Il Joker prende il potere quando si rende conto che non è solo nel suo disagio. Il movimento di lotta verso le istituzioni che si viene a creare intorno a lui, in qualche modo lo protegge e addirittura lo salva quando è in punto di morte. Il Joker capirà che deve eliminare proprio tutti quelli che fino a quel momento aveva ammirato e amato: sua madre per prima, che gli aveva mentito sempre sulle sue origini: eliminata. Murray Frenklin, che lo aveva deriso e involontariamente battezzato con quello che sarebbe diventato il suo nome da battaglia: eliminato.

Ora, finalmente libero, può finire il suo trucco marcando il sorriso con il rosso del suo sangue.

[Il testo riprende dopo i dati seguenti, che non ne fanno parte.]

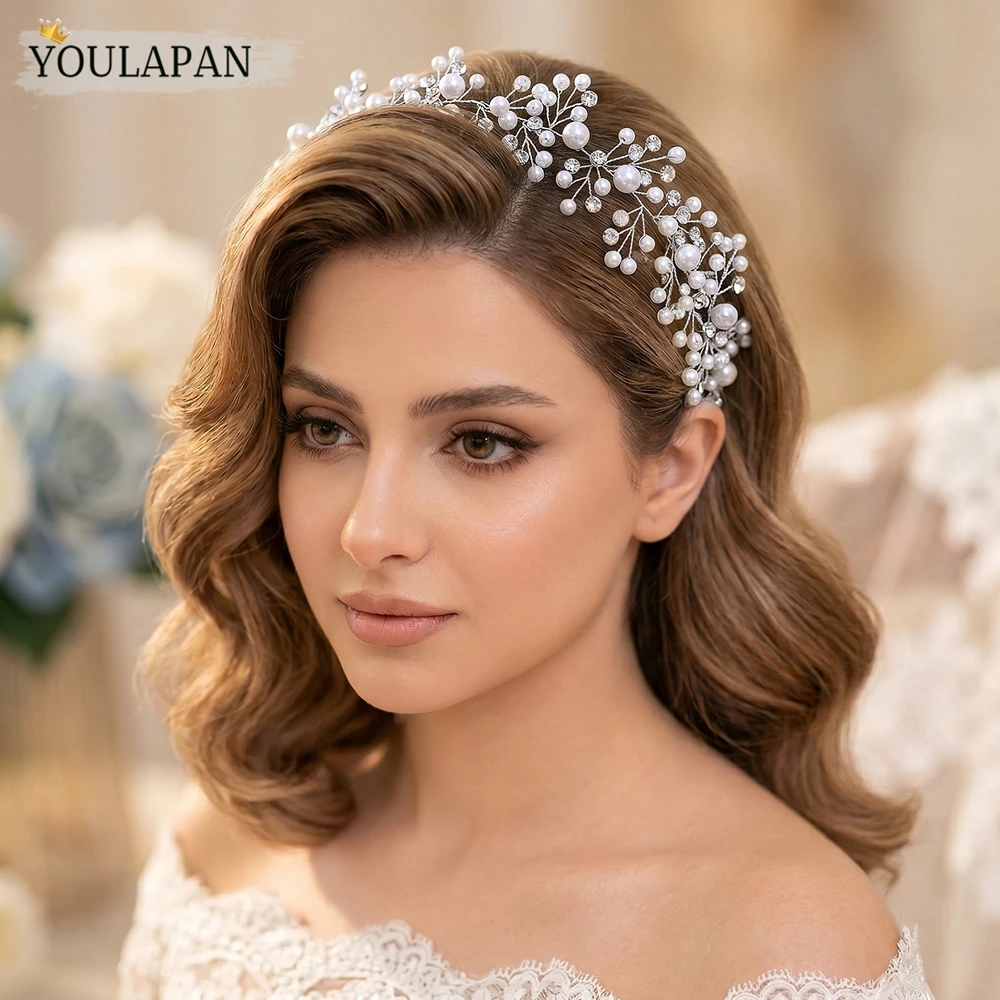 YouLaPan Elegant Pearl Rhinestone Bride Hair Vine Silver Color Wedding Hair Band Banquet Party Headband Hair Accessories HP1009
YouLaPan Elegant Pearl Rhinestone Bride Hair Vine Silver Color Wedding Hair Band Banquet Party Headband Hair Accessories HP1009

L’eroe vero del film, però, è solo uno: Joaquin Phoenix. Phoenix in questo ruolo dà una grande prova di attore, ma non solo, riesce a dare corpo ad un personaggio, che nella memoria collettiva è ben delineato, in maniera del tutto originale e nuova. Vedere Arthur senza cerone sul viso, spesso a torso nudo, deformato da quella risata che lo perseguita e che lo coglie nei momenti più impensati, lo rende umano, gli leva la componente fumettistica. La mutazione in Joker è lenta, comincia dall’infanzia che il film non mostra, ma che lo spettatore immagina. Tutto questo aspetto non visibile ma percepibile del personaggio, è possibile grazie all’interpretazione di Phoenix, che ha una capacità di trasmettere con la propria mimica e con il linguaggio posturale un disagio e una fragilità tale da rendere alcuni passaggi narrativi quasi inutili. La pecca del film infatti è spesso registica. Ci sono dei passaggi, soprattutto sul finale, che appaiono inutili e dilungano concetti già chiariti o che addirittura era forse meglio lasciarli nell’incertezza di una ambiguità narrativa. Pare quasi che il regista non si fidi del tutto del lavoro che sta facendo, o meglio, che non sia sicuro di quanto lo spettatore lo possa comprendere. Quando si ha la fortuna di avere una interpretazione come quella di Phoenix, si possono benissimo tralasciare dei pistolotti a spiegazione di ciò che era ben chiaro a tutti. Ci vuole anche il coraggio di trovare un finale che sia uno solamente, senza trascinare l’epilogo troppo a lungo. Si rischia (almeno per i miei gusti) di perdere l’effetto emozionale, a diluirlo nello spazio narrativo, facendolo calare di potenza. Anche il fatto di essersi ispirato così esplicitamente ai film di Martin Scorsese (“Re per una notte” e “Taxi Driver”) hanno in qualche modo distratto più volte lo sguardo dello spettatore (o per lo meno il mio), non tanto per fare degli inutili paragoni, quanto proprio per un lavoro di memoria incondizionata dovuta a dei gesti inequivocabili: come non pensare a Travis Bikle –ad esempio- quando la vicina di casa e poi Arthur si puntano più volte le dita alla tempia nel mimare il colpo di pistola? Una distrazione inutile, la citazione o “l’ispirazione a” o l’omaggio, sono altra cosa.

Quello che porterò dentro di me di questo Joker, è la sua sensibilità, il suo talento, la sua voglia di essere accettato. Vederlo danzare come Mick Jagger è un piacere per gli occhi e trasmette un senso di liberazione che difficilmente altri personaggi da fumetto hanno saputo darmi sul grande schermo.